A well-structured final response should contain seven elements:

  1. A clear statement of the complaint as the PSP understood it.
  2. A classification of the disputed transaction: authorised, unauthorised, or disputed on mixed facts.
  3. The evidence the PSP relied on, including SCA records, device data, and customer correspondence.
  4. The liability allocation with reference to Articles 73 and 74 (or the equivalent PSRs 2017 provisions).
  5. The refund amount and timing, or the specific grounds for declining a refund.
  6. Any corrective action the PSP has taken or will take.
  7. The customer's right to escalate to the relevant ADR body or competent authority, with contact details and applicable time limits.

Each element should be written in plain language. The customer should be able to understand the outcome, the reasoning, and the next steps without needing to look up the legislation.

Step 8: Dispute escalation and ADR

If the customer remains dissatisfied after the final response, PSD2 and the national transposition rules provide for escalation to an alternative dispute resolution body or the relevant competent authority. The specific ADR route depends on the jurisdiction and the type of PSP.

In the United Kingdom, payment services complaints can be referred to the Financial Ombudsman Service (FOS) if the firm is FCA-regulated. In EU member states, the route varies: some countries use a financial ombudsman, others use a general consumer ADR body, and some rely on the competent authority itself. FIN-NET, the cross-border financial dispute resolution network, connects national ADR bodies across the EEA and can assist where the customer and the PSP are in different member states.
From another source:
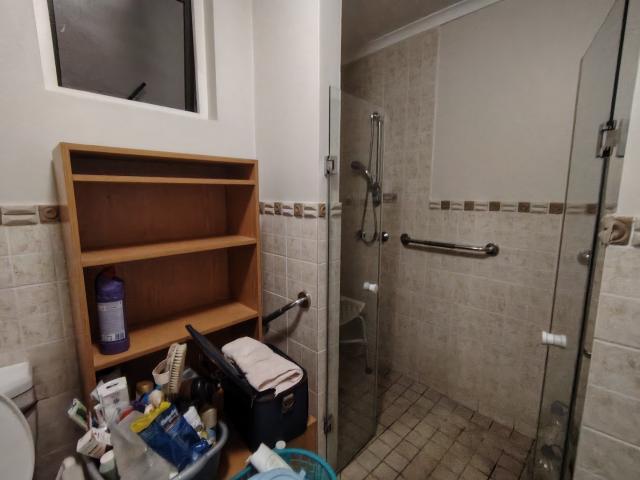 2 Bedroom Apartment / Flat To Rent in Willow Park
  • Include the relevant ADR body's name, contact details, and referral time limits in the final response.
  • Where the customer and the PSP are in different jurisdictions, reference FIN-NET as an available coordination mechanism.
  • Retain the full complaint file, including all evidence, analysis, and correspondence, for at least three years after the complaint is closed or longer if national law requires.
  • Monitor ADR outcomes for recurring themes that indicate systemic issues in the PSP's payment controls or complaint handling process.
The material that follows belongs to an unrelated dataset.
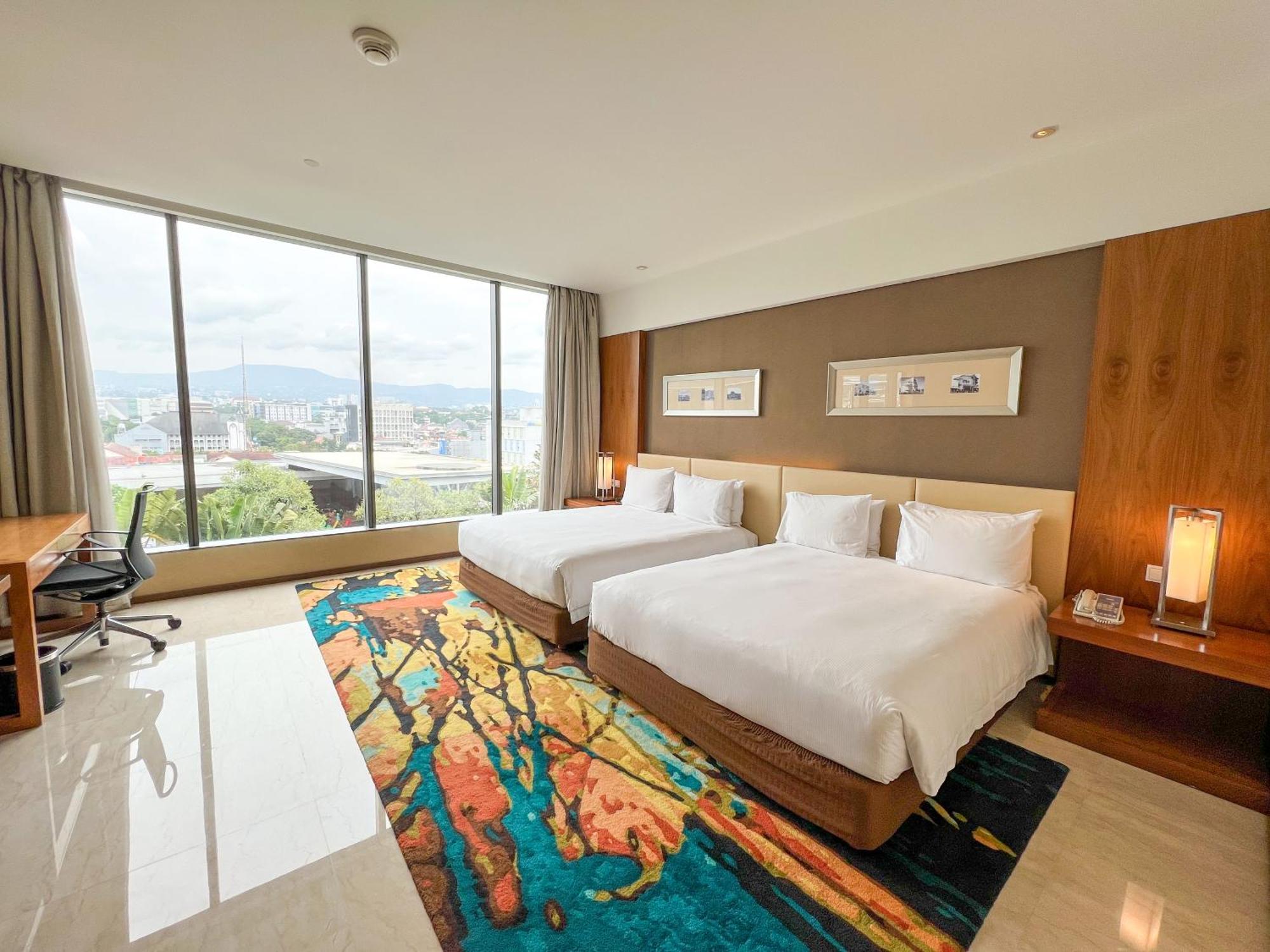 Hilton Bandung Hotel Exterior foto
PSD2 complaint handling at a glance

What mature PSP complaint teams monitor

The strongest PSP complaint teams treat complaint data as a live risk signal rather than a back-office reporting obligation. Five patterns in particular warrant standing monitoring:

  1. Extension frequency. If more than a small fraction of PSD2 complaints require the 35-business-day extension, the root cause is usually a slow investigation process rather than genuinely exceptional circumstances. Track extension rates monthly and investigate spikes.

  2. D+1 refund compliance. The Article 73 refund deadline is one of the most auditable PSD2 obligations. Track the percentage of unauthorised-transaction refunds that hit the D+1 target, and treat any miss as an incident requiring root-cause analysis.

  3. SCA evidence gaps. Complaints where the SCA record is incomplete or ambiguous are the ones most likely to result in adverse ADR outcomes. Monitor how often the complaints team has to request SCA evidence more than once, and feed that signal back to the payments or authentication team.

  4. Recurring authentication disputes. Clusters of complaints about the same transaction type, the same merchant category, or the same authentication flow often indicate a control weakness rather than isolated customer incidents. Route these clusters to fraud governance for review.

  5. ADR reversal rate. Track outcomes where an ADR body or ombudsman overturns the PSP's complaint decision. A rising reversal rate is one of the clearest indicators that the complaint handling process, the liability analysis, or the evidence standards are not meeting the bar.

Complaint handling under PSD2 is not a stand-alone response function. It connects directly to fraud governance, payment operations, and customer-outcome monitoring. Teams that treat it as an integrated discipline rather than a back-office queue will produce better regulatory outcomes and stronger customer relationships.